2

For reference, I already looked at the following questions:

  1. Gensim LDA for text classification
  2. Python Gensim LDA Model show_topics funciton

I am looking to have my LDA model trained from Gensim classify a sentence under one of the topics that the model creates. Something long the lines of

lda = models.LdaModel(corpus=corpus, id2word=id2word, num_topics=7, passes=20)
lda.print_topics()
for line in document: # where each line in the document is its own sentence for simplicity
    print('Sentence: ', line)
    topic = lda.parse(line) # where the classification would occur
    print('Topic: ', topic)

I know gensim does not have a parse function, but how would one go about accomplishing this?
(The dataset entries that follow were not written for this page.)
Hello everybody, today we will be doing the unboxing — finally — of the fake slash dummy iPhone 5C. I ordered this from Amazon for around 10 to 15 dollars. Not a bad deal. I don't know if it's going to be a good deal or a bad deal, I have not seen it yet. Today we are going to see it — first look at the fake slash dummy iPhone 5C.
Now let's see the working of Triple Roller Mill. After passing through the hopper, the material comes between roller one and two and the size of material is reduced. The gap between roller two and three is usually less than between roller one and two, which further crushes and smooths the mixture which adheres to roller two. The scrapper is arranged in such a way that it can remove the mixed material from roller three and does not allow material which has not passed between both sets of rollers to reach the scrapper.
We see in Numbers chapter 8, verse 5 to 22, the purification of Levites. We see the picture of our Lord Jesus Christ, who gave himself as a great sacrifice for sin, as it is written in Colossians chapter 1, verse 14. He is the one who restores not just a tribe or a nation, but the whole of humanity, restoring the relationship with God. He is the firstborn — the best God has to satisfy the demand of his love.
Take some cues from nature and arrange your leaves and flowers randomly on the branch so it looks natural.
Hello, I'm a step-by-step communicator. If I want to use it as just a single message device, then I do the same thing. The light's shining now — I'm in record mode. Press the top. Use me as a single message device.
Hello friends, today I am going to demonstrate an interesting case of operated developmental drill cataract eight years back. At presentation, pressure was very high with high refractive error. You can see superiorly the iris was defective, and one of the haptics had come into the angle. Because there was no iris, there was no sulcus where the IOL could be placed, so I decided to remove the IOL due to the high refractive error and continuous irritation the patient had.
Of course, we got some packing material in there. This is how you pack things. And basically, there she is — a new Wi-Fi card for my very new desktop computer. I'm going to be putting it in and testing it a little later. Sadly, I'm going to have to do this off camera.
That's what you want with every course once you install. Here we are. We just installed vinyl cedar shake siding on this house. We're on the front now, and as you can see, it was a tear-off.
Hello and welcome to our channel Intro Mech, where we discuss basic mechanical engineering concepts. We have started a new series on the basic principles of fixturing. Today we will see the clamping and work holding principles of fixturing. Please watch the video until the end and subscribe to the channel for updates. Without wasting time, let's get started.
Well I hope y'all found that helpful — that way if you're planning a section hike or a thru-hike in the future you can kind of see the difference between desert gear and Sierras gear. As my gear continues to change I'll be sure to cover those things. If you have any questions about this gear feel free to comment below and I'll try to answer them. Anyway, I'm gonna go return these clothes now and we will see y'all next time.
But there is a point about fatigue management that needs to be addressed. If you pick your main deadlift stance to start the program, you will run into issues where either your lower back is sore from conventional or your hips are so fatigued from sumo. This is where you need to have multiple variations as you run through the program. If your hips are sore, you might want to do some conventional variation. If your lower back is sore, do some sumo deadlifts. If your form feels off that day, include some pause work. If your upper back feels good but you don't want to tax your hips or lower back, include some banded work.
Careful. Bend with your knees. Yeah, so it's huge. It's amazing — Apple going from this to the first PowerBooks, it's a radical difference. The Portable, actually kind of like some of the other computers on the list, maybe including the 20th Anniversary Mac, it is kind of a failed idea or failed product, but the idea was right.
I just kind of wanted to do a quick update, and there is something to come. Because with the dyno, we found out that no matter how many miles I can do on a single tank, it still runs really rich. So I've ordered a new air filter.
Here is the documentation that I've been following but I haven't gotten anywhere with it:

https://radimrehurek.com/gensim/auto_examples/core/run_topics_and_transformations.html#sphx-glr-auto-examples-core-run-topics-and-transformations-py

Thanks in advance.

edit: More documentation- https://radimrehurek.com/gensim/models/ldamodel.html

sophros
  • 14,672
  • 11
  • 46
  • 75
Q.H.
  • 1,406
  • 2
  • 17
  • 33

1 Answers1

1

Let me get your problem right: You want to train a LDA Model on some documents an retrieve 7 topics. Then you want to classify new documents in one (or more?) of these topics, meaning you want to infer topic distributions on new, unseen documents.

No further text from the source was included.